Megan Green, a member of the Monetary Policy Committee at the Bank of England (BOE), stated that wage and inflation indicators are heading in the right direction, but they remain at extremely high levels. She noted that the persistence of inflation still poses a challenge, despite some improvements in the data.
Green confirmed that medium-term inflation expectations have begun to rise, raising concerns about price stability in the United Kingdom. Although the process of inflation slowing continues, some indicators suggest a slowdown in the labor market, which adds further pressure on the British economy.
The Bank of England member also pointed out that the risks related to UK productivity tend to lean towards the negative, increasing economic challenges. She indicated that currency exchange rates could be a disinflationary factor if the current trend persists, which she considers a positive development amid global market volatility.

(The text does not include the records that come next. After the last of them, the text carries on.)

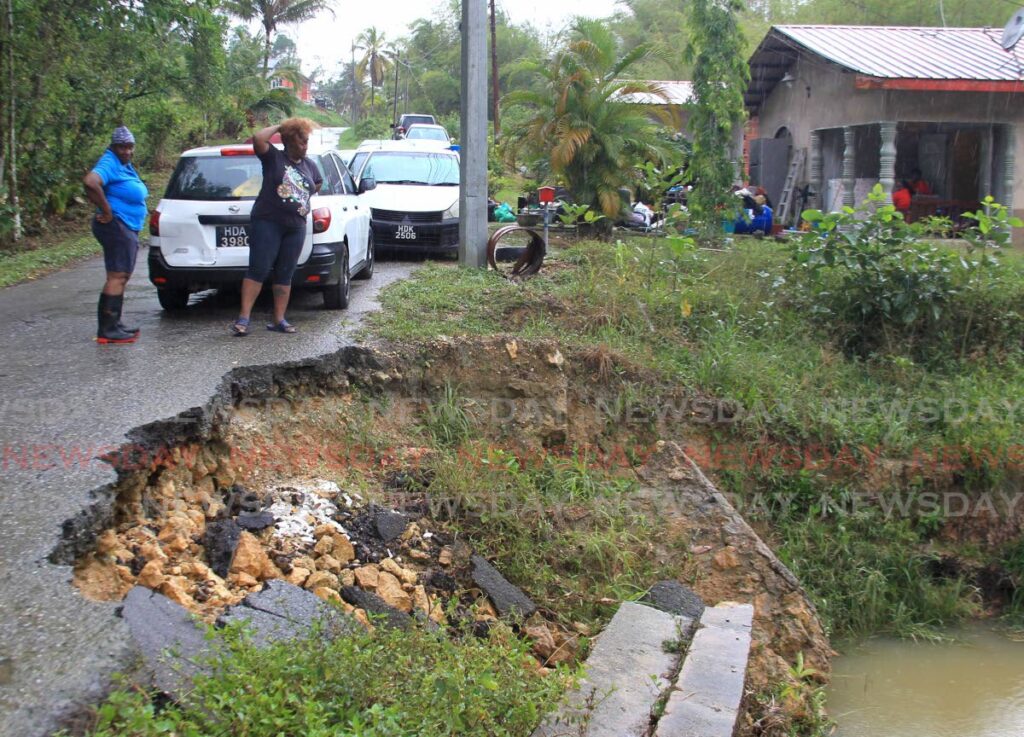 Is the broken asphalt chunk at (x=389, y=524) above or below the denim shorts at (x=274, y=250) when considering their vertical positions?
below

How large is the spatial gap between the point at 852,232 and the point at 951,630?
4498 millimetres

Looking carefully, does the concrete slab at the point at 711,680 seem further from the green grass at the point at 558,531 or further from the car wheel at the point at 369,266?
the car wheel at the point at 369,266

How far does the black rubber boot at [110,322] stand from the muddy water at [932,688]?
19.8ft

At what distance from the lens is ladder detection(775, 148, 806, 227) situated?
19.5 metres

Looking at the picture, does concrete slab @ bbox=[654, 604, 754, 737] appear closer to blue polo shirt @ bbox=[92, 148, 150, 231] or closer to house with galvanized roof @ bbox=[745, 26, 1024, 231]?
blue polo shirt @ bbox=[92, 148, 150, 231]

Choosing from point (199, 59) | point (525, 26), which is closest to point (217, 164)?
point (199, 59)

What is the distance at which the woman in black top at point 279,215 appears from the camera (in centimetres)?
757

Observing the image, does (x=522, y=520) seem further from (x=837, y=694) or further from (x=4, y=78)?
(x=4, y=78)

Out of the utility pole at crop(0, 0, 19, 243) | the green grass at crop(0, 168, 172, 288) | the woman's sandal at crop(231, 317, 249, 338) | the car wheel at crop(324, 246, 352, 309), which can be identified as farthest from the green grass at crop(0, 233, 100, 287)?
the woman's sandal at crop(231, 317, 249, 338)

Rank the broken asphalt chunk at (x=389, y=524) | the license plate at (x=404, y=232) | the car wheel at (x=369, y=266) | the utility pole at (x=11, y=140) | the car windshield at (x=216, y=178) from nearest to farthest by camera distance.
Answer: the broken asphalt chunk at (x=389, y=524) < the car windshield at (x=216, y=178) < the car wheel at (x=369, y=266) < the license plate at (x=404, y=232) < the utility pole at (x=11, y=140)

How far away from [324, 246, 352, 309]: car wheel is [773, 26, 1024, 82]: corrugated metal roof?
10.6 m

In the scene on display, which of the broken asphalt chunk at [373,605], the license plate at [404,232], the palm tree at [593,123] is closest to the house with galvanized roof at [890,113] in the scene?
the palm tree at [593,123]

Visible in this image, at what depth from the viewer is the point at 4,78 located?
13359mm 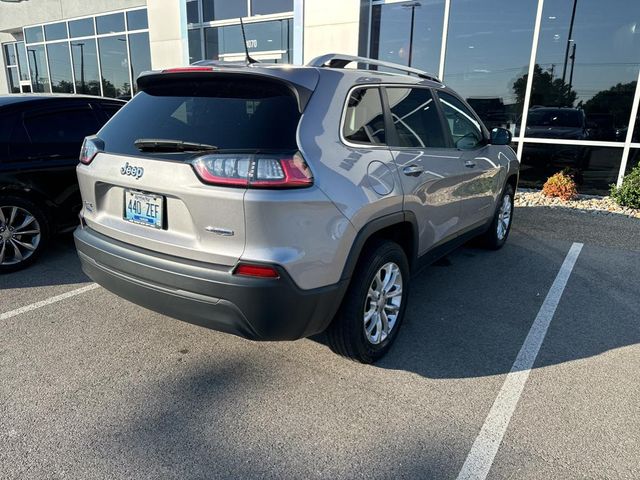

Regarding trade policies, the Bank of England member explained that she sees tariffs as a potential factor for reducing inflation in the UK, which impacted her recent decision on interest rates. She added that she was very hesitant about her recent decision to cut rates and will not change her position even after recent news about the relations between the United States and China.
She also mentioned a significant degree of uncertainty regarding tariffs with the European Union, making it a key factor affecting domestic demand. She concluded her remarks by emphasizing that the Bank of England is placing greater focus on domestic economic factors compared to external trade developments, reflecting a more cautious approach in facing current challenges.